10 de Julho de 2014 às 20:38


foto victor nogueira - as fases da vida

* Victor Nogueira (texto e fotos)

Ninguém to dirá. Por ti terás de saber o caminho para sairés do flutuar amniótico; uma estreita passagem que alargarás e depois duas secas pancadas e o choro. Mas a saída poderá não ser tão linear e muito mais desagradável, talvez o sufoco de maior ou menor brevidade, as sequelas De nada terás consciência ainda, num mundo estranho, agreste e desagradável. Aos poucos desbravarás a semiótica, irás juntando os sons, os ruídos, as palavras, o claro/escuro, as cores, as luminosidades, os clarões relampejantes e cintilantes ou a escuridão, os cheiros, inventando e descobrindo códigos de comunicação e de compreensão, veredas largas ou barreiras.

Perante ti vários caminhos se abrem, uns largos e frondosos, outros pedregosos, sinuosos, de pequenos horizontes, inóspitos, áridos. Á maioria dos viandantes cabem estes, dos quais é difícil transitar para os primeiros, enquanto a permanência nos frondosos é feita à custa de sofrimento dos que não são a escassíssima minoria. Encontrarás na jornada o campo seco ou verdejante, a suave brisa, a tempestade tempestuosa, o mar oceano, os astros.

A sabedoria está na resposta aos enigmas, no saber quando ser forte como um roble ou flexível como o canavial, conforme a força da tempestade e o fragor do vento, na atenção e na clarividência nos jogos simultâneos em vários e díspares tabuleiros ou tablados, distinguindo em cada momento o fugaz, o efémero, a essência para lá das aparências.

No mar alto ou bordejando a costa, verás luzeiros, fogos de santelmo, a estrada de santiago, guaritas, sentinelas, atalaias, muitos homens e mulheres, com áspera voz, temível vozeirão, doce trinado. Uns seguirão pela sombra mas tu tomarás sempre o caminho soalheiro, o  do sol em brasa, subirás a pulso a torre de menagem do castelo em ruínas, sentirás o bafo  do vento suão, aquele que anda e ciranda, esfarelando os ossos e minguando a alma. Não há escadas, apenas pedras soltas e as raízes das oliveiras milenares, esquálidas, a candeia acesa, os sobreiros como se carvalhos fossem esmagando e poeirando a rocha, como cupim roendo a madeira, invólucro enganador de oco miolo. Passarás por povoados fortemente muralhados e por cidades sem muros nem ameias.
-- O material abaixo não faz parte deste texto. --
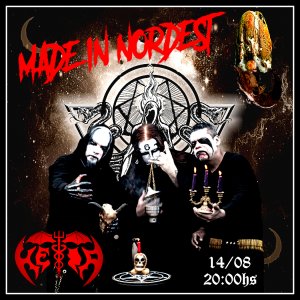HÉIA: Banda será destaque no programa ‘Metal In Nordest’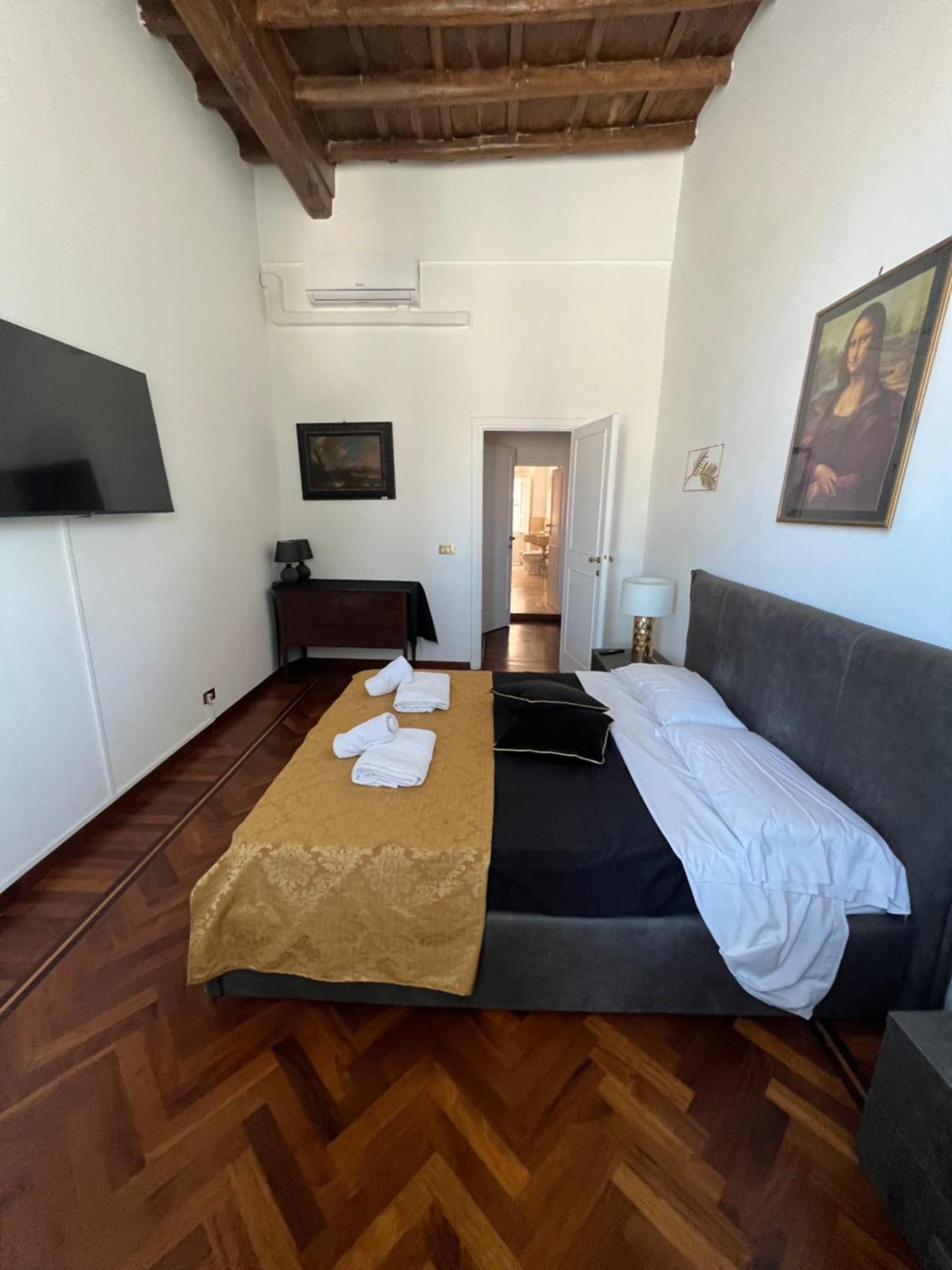 Prince'S Suite - Budget Rooms & Apt Piazza Del Popolo Rom Eksteriør billede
Dir-te-ão que busques a princesa e no reino dos encantos terás de encontrar o norte, tecer a teia, gravar o bronze, cinzelar a pedra, esculpir a tela, compor a sinfonia, entre a maria papoila e a do meio caminho andado, entre a maria dos mil sóis rendilhados e penélope, entre a mana clarisse e a maria do mar ou flor do mar sem guarida, entre a madre abadessa diabinho diabeza em melopeia sem teia que ateie. ..

Por mais atalhos e veredas ou avenidas largas que sigas, o caminho é sempre em frente, qualquer que seja a rosa-dos-ventos, agulha de marear. É ilusão que possas voltar sobre os teus passos, regressar à encruzilhada, seguir outra carreira ou refazer as palavras. Terás de saber a declinação magnética e no deserto evitar andar aos círculos, encadeado pela luminosidade do sol e alquebrado pelo seu calor ou tolhido pela nocturna frialdade. Se a agulha louca ficar terás de saber ler outros sinais, o musgo nas árvores, a sombra do sol, ou buscando a estrela polar ou o cruzeiro do sul. Cada passo que dês será pujante no início e em regra cada vez mais quebradiço na dobadoira dos tempos.

Não te inibas de perguntar, de perscrutar os rostos, de ler nas rugas, de ouvir os sinais. Cuidar-te-ás sobretudo dss comadres na calhandrice, da velhice do restelo, de jovens na estouvanice, homens ou mulheres, moços ou raparigas. Peneira e joeira as respostas e lança as sementes à terra ou num sopro na rampa da palma da mão, os dedos unidos, lança-te ao vento como ave liberta, entre as culminâncias da águia e os saltaricos dos pardais. Encontrarás laranjais com ais, uvas capitosas, maçãs sumarentas, figueiras e amendoeiras, fruta doce, azeda ou amarga. E animais, sejam raposas, sejam gazelas, lobos ou tigres, mais ou menos felinos, araras e tubarões, formiguinhas e abelhas, e maior ou menor arte e manha. Perguntarás e dir-te-ão onde estão o almofariz, o alambique, o arado, o forno, o veio de água, o engenho … Aprenderás a decifrar as sombras, seja na brancura  das paredes, seja nas pedras da calçada, seja na areia sob os teus passos.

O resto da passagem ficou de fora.